I think it's important not evaluate the limitations in relation to the limitations of individuals. If you want to collect the various filaments that are compatible with 3d printers, it's rather simple. Most all of them are readily available and they are rather inexpensive. While one person might say that $75 for a roll of filament is expensive, another will say that it's inexpensive because out of the roll you can print hundreds of items, making each one $.075 each.

Certainly someone with an extremely limited budget may have trouble affording 8 different filaments at $40-$75 per roll, but that's not 3d printing's fault. 3d printing has been exceeding liberating. As with any technology, you need to understand what it can and cannot do and need to compare apples to apples. If you understand that 3d printers need a flat spot so you can stick it to a print plate and you understand what happens with overhangs and you work to design objects that take that in mind, 3d printing as a process has very few limitations.
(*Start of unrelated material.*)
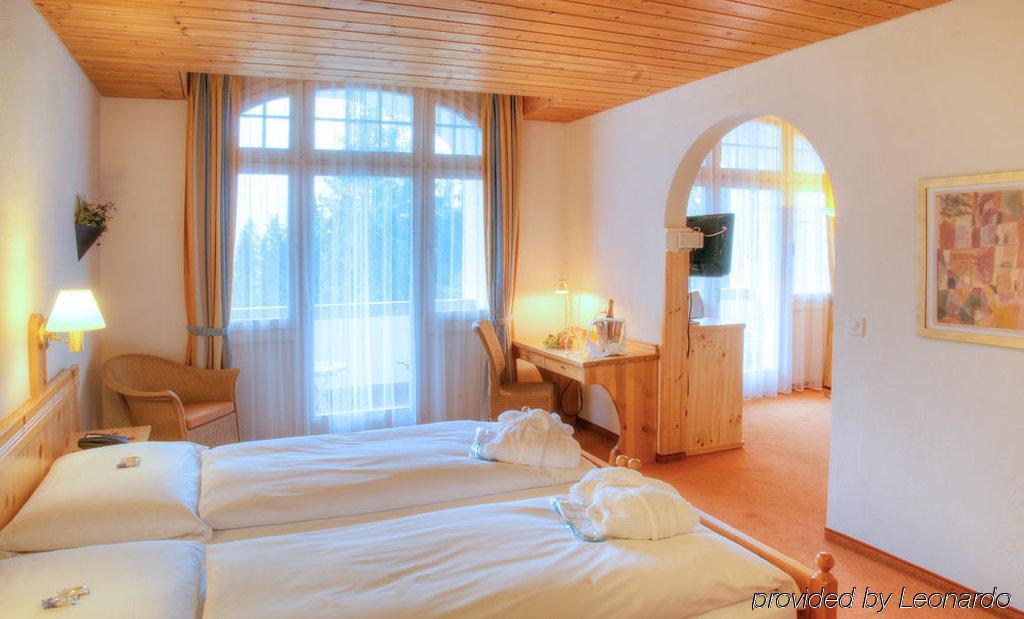 Sunstar Hotel Flims Pokój zdjęcie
I'm an Industrial Designer and prior to 3d printing, the only way to get a design prototype model was to hire a model maker to build your prototype, usually upwards of thousands of dollars. Now you can create that same prototype for mere dollars or cents. That's not a limitation, that a revolution.

And if you want to go bigger, there really are few limitations. As long as you are willing to keep expanding the x, y and z hardware so that the hot end can travel farther and farther, there really aren't any realistic limitations. Sure, on a limited budget someone may not be able to afford that. But the question is not about budgets but about the technology.

3d printing has exponentially more advantages than limitations when compared to what we had to do before to achieve the same end product. There will always be someone who has trouble affording a $20 cheeseburger. That does not mean there is anything wrong with cheeseburgers.